Con il mio solito, imbarazzante, ritardo che ultimamente è diventato la mia caratteristica, mi accingo a parlare -avendolo finito- di Assassin’s Creed III.

Questo gioco lo avevo atteso con grande ansia e ho seguito con trepidante curiosità la varie news che la Ubisoft furbescamente centellinava nei mesi precedenti all’uscita.

Il fatto che però ci abbia messo circa 3 mesi a finirlo dovrebbe farvi capire che il risultato finale non ha suscitato in me l’euforia che mi sarei aspettato.

Come mai? Analizziamo la cosa nei paticolari.

Iniziamo dicendo che il metro di paragone in questa mini-recensione è ACII che, a mio modo di vedere, è il vero picco di qualità della serie.
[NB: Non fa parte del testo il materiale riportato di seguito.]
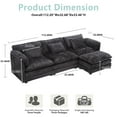 thumbnail image 2 of Villeston 112" Cloud Modular Sectional Sofa for Living Room, L-Shaped Cloud Sofa Couch with Chenille Fabric, 3 Seat Oversized Couch with Movable Ottoman,Black, 2 of 8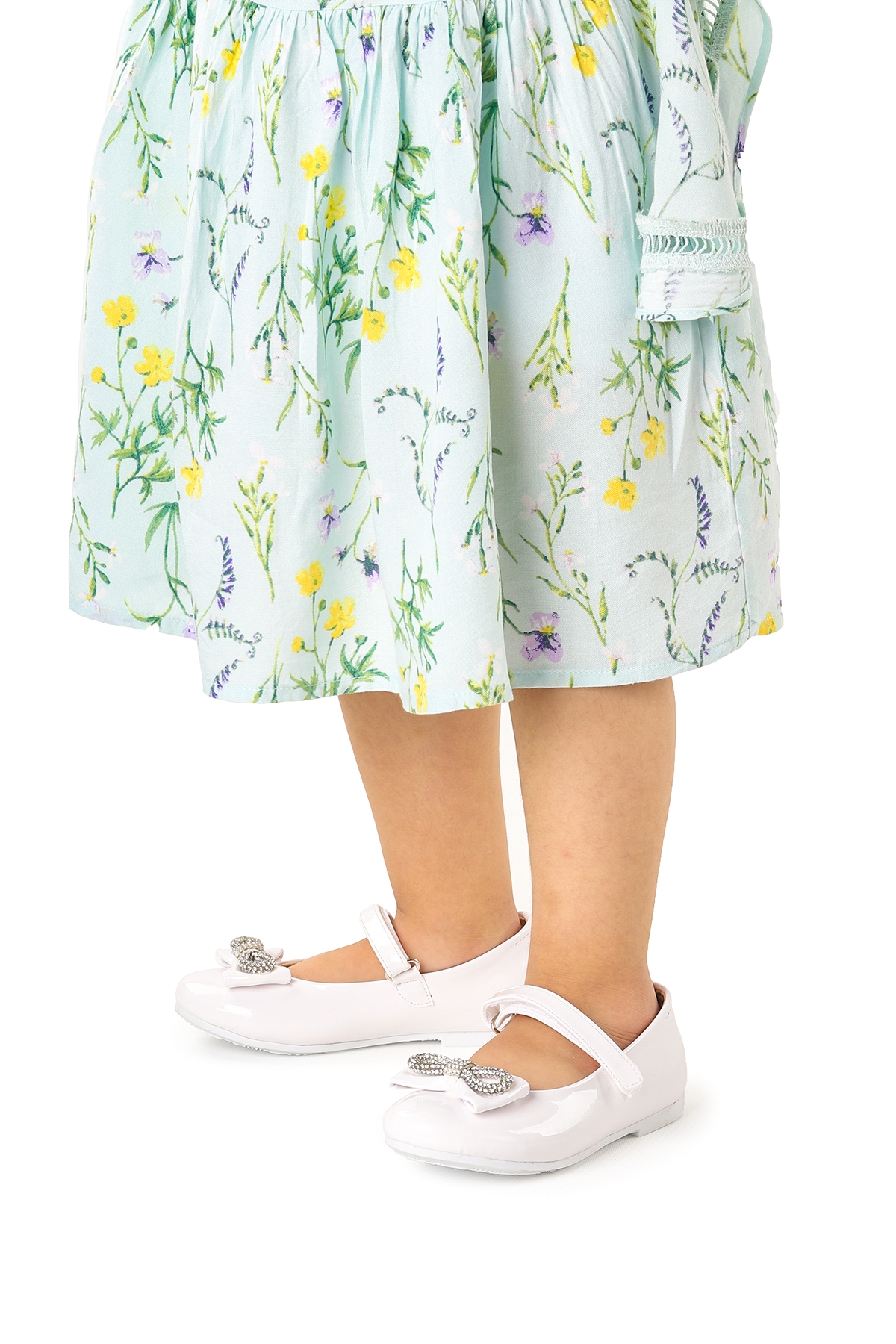 Bowtie Papyon Taşlı Cırtlı Kız Çocuk Babet Ayakkabı Beyaz - Görsel 4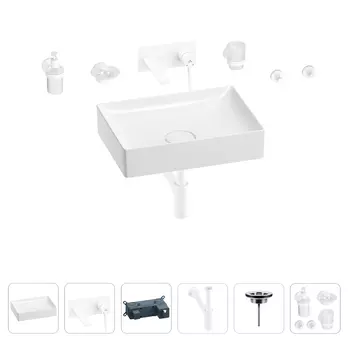Раковина для ванной Wellsee Pure BY Wellsee 201006370 в наборе 8 в 1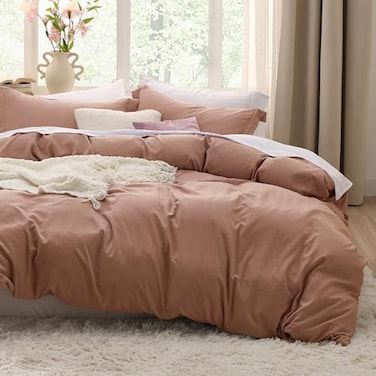 Bedsure Mocha Mousse Duvet Cover King Size 3 Pieces Prewashed CottonLike Polyester Extra Soft Bedding Set Includes 1 Duvet Cover 104x90 Inches with Zipper Closure 2 Pillow Shams No Comforter
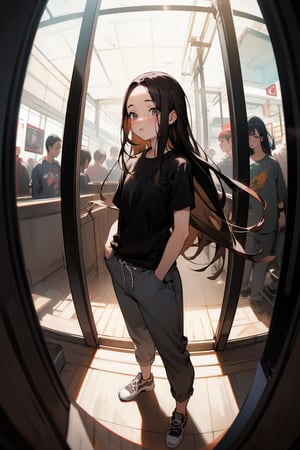masterpiece, best quality, 1woman, solo, mature, black hair, long hair, straight hair, forehead, brown eyes, shirt, short sleeve, pants, shoes, standing, outside, [fisheye lens:: 15], girl
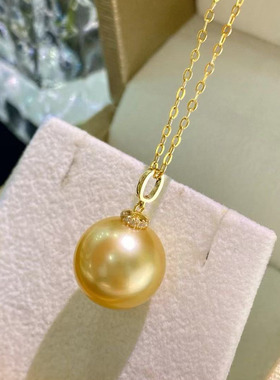 DIY珍珠配件G18K黄白金吊坠空托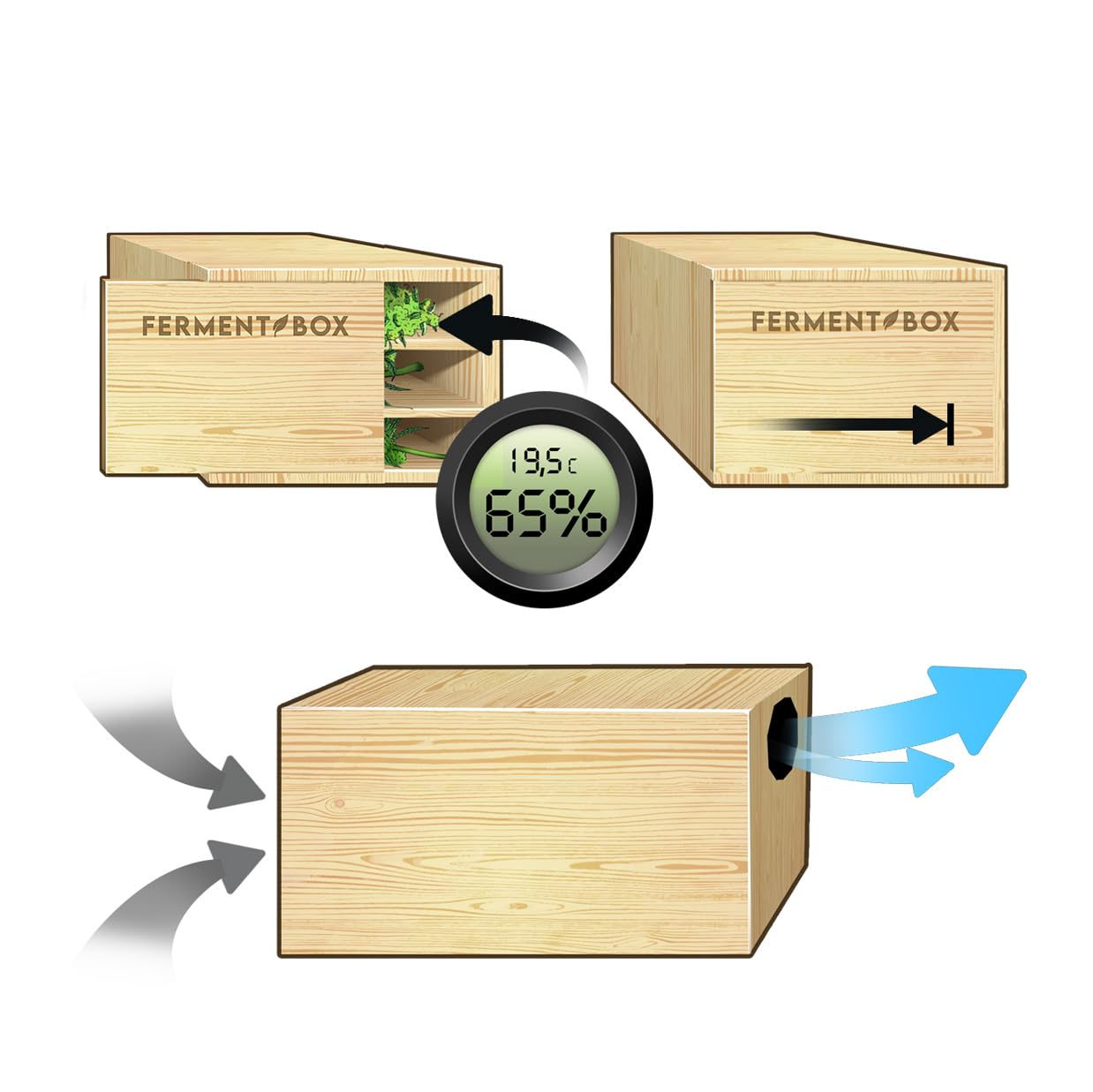 FermentBox® – Komplettset zur Trocknung, Curing & Fermentation mit Aktivkohlefilter für Blüten – Optimale Luftzirkulation & Feuchtigkeitsregulierung – 100% Kiefernholz – 200g Kapazität, geruchsfrei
Gli elementi che rendevano ACII un gran bel gioco rispetto a quel giochillo interessante ma mostruosamente noioso che era il primo AC erano parecchi. In primis una storia bella, lunga,

lineare ma non priva di un numero adeguato di colpi di scena con al centro un personaggio dal carisma indiscutibile con cui facilmente ci si poteva immedesimare.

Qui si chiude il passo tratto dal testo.